+++ Data provided
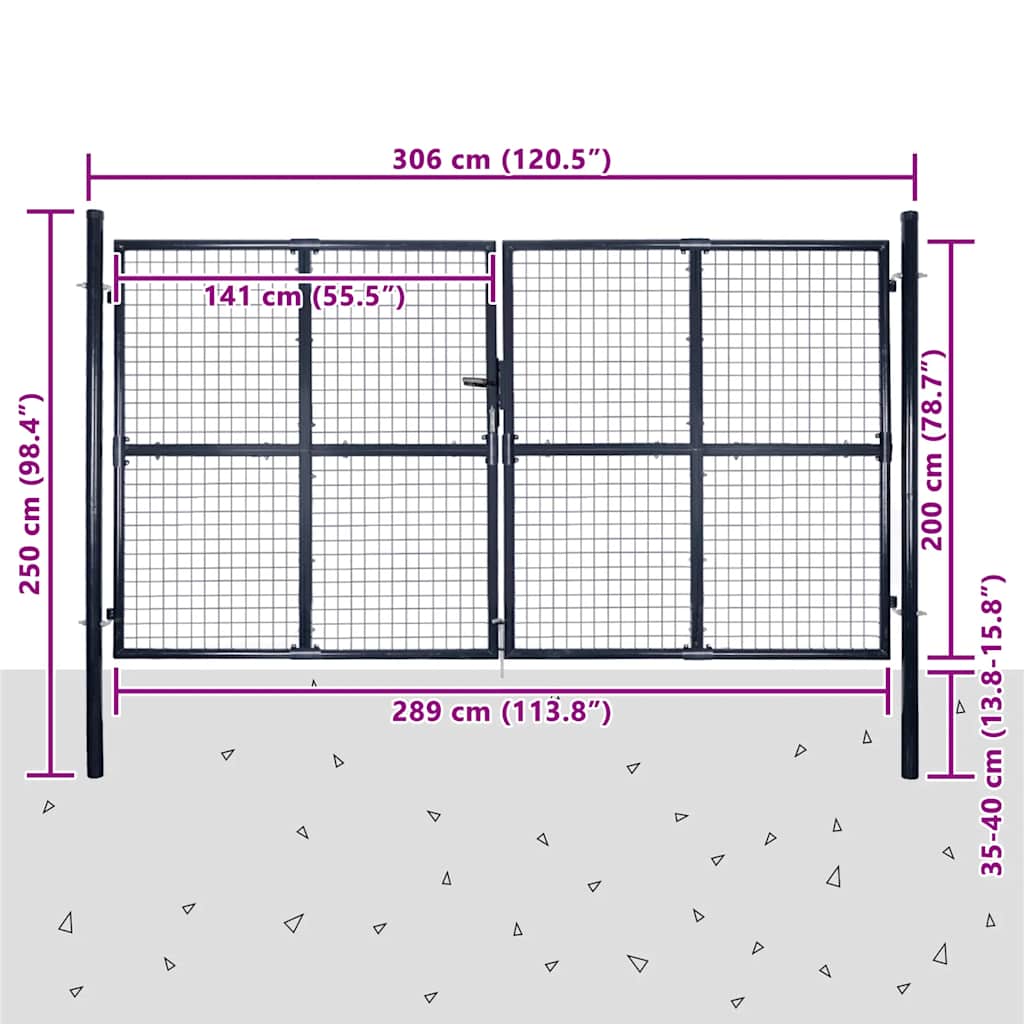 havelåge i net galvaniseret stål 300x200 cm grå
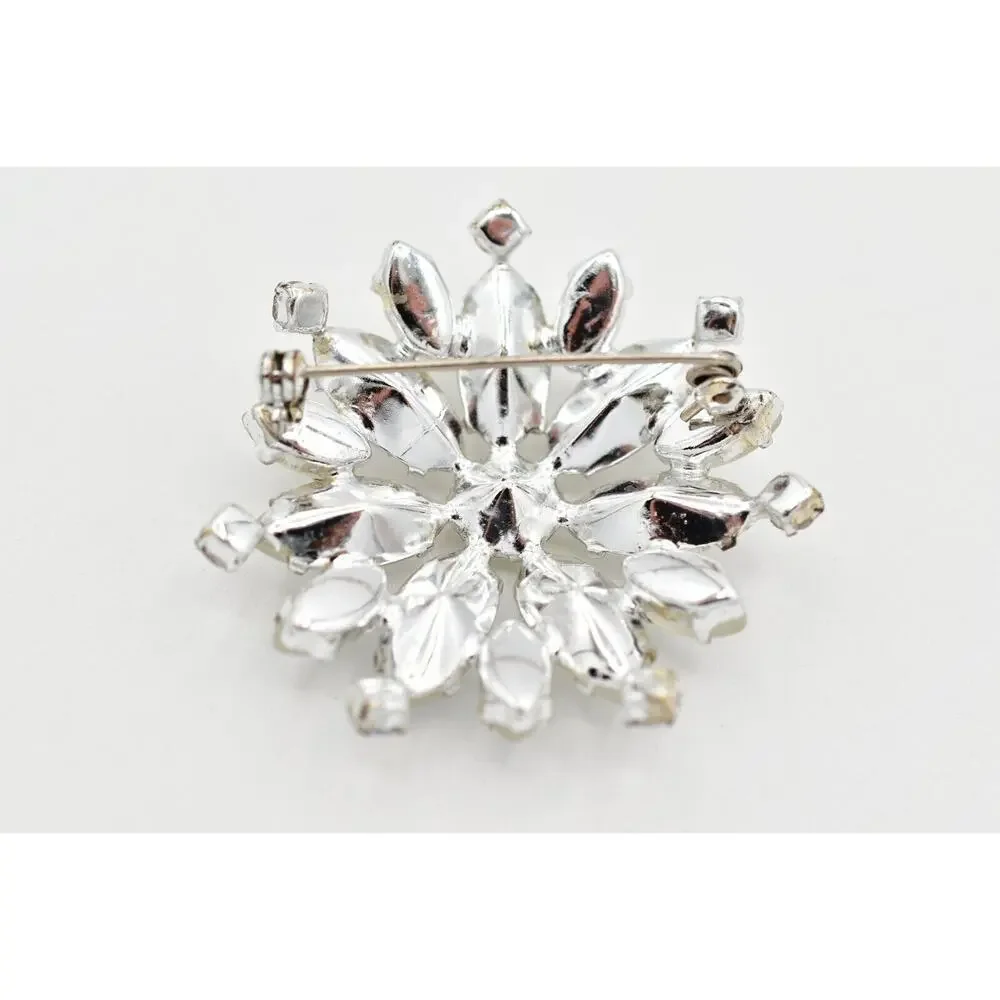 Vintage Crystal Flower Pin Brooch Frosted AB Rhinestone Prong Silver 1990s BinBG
++++++
+++ Data provided
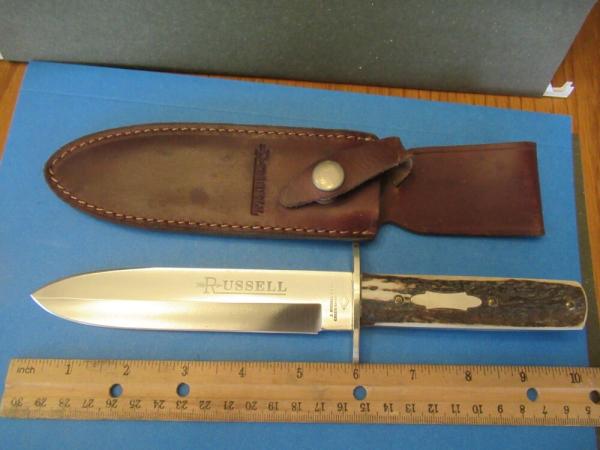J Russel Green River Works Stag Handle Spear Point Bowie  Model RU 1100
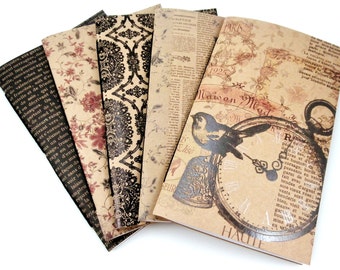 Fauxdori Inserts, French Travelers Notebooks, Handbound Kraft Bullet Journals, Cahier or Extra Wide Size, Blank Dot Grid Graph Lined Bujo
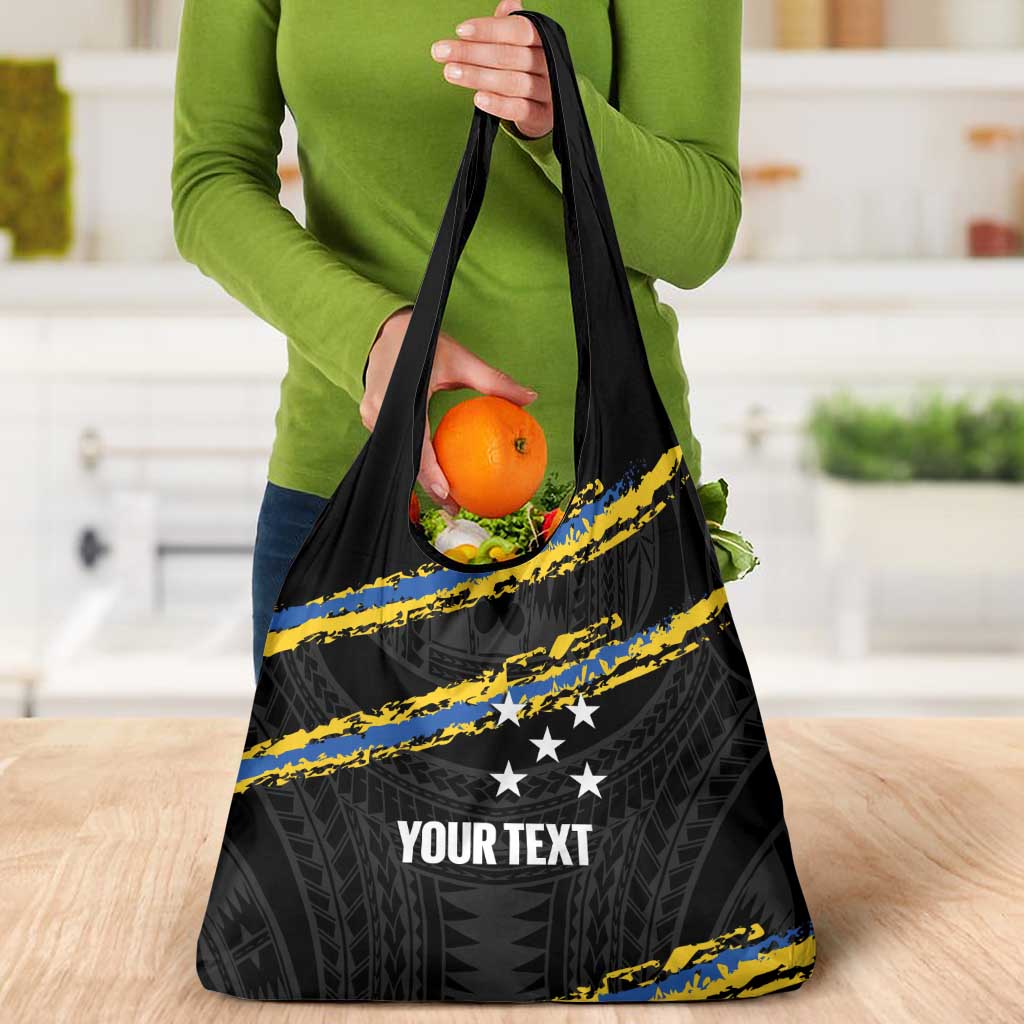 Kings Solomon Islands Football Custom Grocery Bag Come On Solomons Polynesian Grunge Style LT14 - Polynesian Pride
++++++
▸ **Your instructions**
Print an exact copy of the lines above, from the one containing "Fauxdori Inserts, French" through the one containing "Kings Solomon Islands", and leave out the pictures.

▸ **Answer space**
 Fauxdori Inserts, French Travelers Notebooks, Handbound Kraft Bullet Journals, Cahier or Extra Wide Size, Blank Dot Grid Graph Lined Bujo
 Kings Solomon Islands Football Custom Grocery Bag Come On Solomons Polynesian Grunge Style LT14 - Polynesian Pride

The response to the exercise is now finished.